Fehler der Sozialdemokraten
Die Führung der Sozialdemokraten (Enrico Letta des Partito Democratico) muss sich den Vorwurf gefallen lassen, dieses Missverhältnis wahlstrategisch und -taktisch nicht vermieden zu haben. Letta hat dem stärksten möglichen Partner, der Fünf-Sterne-Bewegung (Movimento 5 Stelle), eine frühe kategorische Absage erteilt und dann weitere wahltaktische Fehler begangen, sodass der PD nur mit kleineren Partnern ein Bündnis zustande gebracht hatte. Die Mitte-Links Gruppe kann so nur auf 20% der Abgeordneten bzw. Senatoren zählen, bei 26% der Stimmen.
Die M5S haben sich aus der Ächtung – wegen der Nicht-Abstimmung und Enthaltung zu Gesetzen der Regierung Draghi – erholt, und unter Führung von Giuseppe Conte es mit sozialpolitischen Themen allein noch auf 13% der Delegierten gebracht. In der „Mitte“ haben sich zwei prominente Ex-Sozialdemokraten (Carlo Calenda und Matteo Renzi) jetzt als „Liberale“ geoutet und noch 5% der Sitze ergattert. Nicht nur ist die Opposition klar in der Minderheit, sie ist auch tief gespalten. Es wird Rücktritte und Bedauern brauchen, bevor es gemeinsame Initiativen geben kann.
Man kann davon ausgehen, dass Staatspräsident Sergio Mattarella (ehemals PD) Frau Meloni mit der Regierungsbildung beauftragt. Sie wird dann voraussichtlich mit dem Rechtsbündnis eine Koalition bilden. Welche Personen aber Schlüsselministerien erhalten, ist ungewisser als erwartet. Da ihre eigene Partei (FDI) im Verhältnis zu den Partnern Lega/Salvini und FI/Berlusconi viel stärker geworden ist und das Sammelsurium der „Moderaten“ bedeutungslos geblieben ist, kann Meloni sicherlich mehr von ihren eigenen Leuten durchsetzen.

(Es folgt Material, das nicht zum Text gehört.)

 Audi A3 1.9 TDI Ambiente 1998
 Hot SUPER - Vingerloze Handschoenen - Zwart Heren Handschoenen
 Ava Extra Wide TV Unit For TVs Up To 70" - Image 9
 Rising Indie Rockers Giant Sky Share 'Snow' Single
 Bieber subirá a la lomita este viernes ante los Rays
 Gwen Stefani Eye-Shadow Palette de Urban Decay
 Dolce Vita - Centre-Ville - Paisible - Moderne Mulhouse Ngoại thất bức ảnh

Das mögliche erwartete Personaltableau wird viel über die Ausrichtung der Politik aussagen, gerade in den wichtigen Ministerien.

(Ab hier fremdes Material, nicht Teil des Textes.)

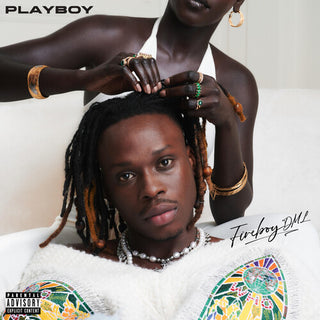 Fireboy DMI- Playboy - Picture Disc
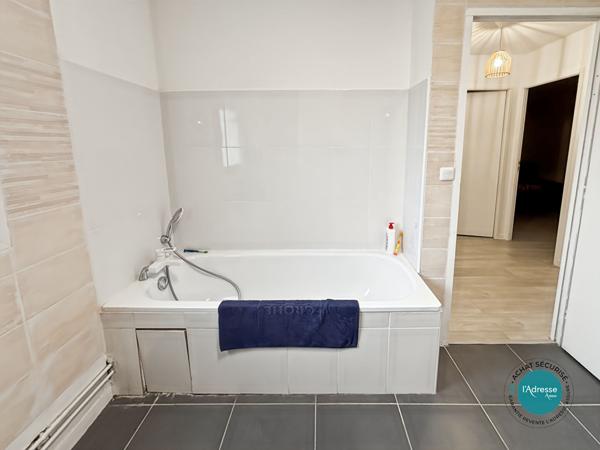 Maison Corbeil Essonnes 4 pièce(s)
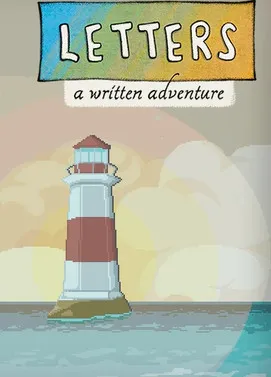 Letters - a Written Adventure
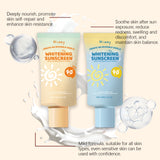 Kids SPF50 Sunscreen Lotion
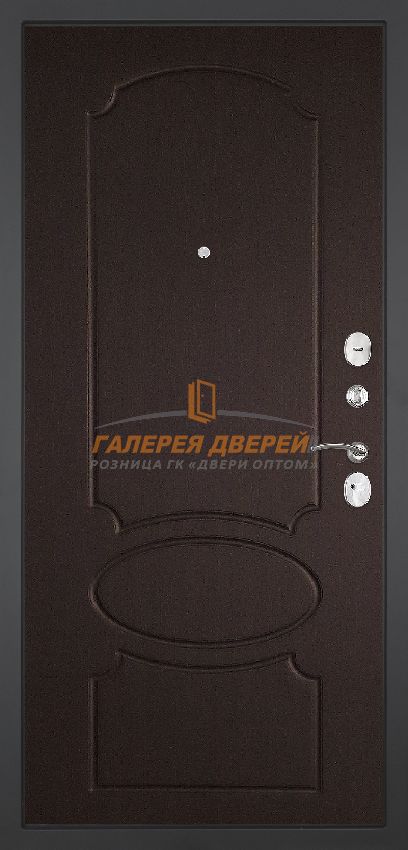 007 Венге 6мм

Möglicherweise wird Salvini (nach dem Absturz der Lega bei den Wahlen) nicht Innenminister, was weniger Aufsehen um Flüchtende und Kriminalität mit sich bringen würde, aber nicht unbedingt eine weniger ausgrenzende Politik. Es wird eine „harte Hand“ sein. Bedauerlicherweise hat Europa Italien jahrelang allein gelassen mit der Bewältigung der erneut wachsenden Migrationsproblematik über das Mittelmeer, und bietet bis heute wenig an.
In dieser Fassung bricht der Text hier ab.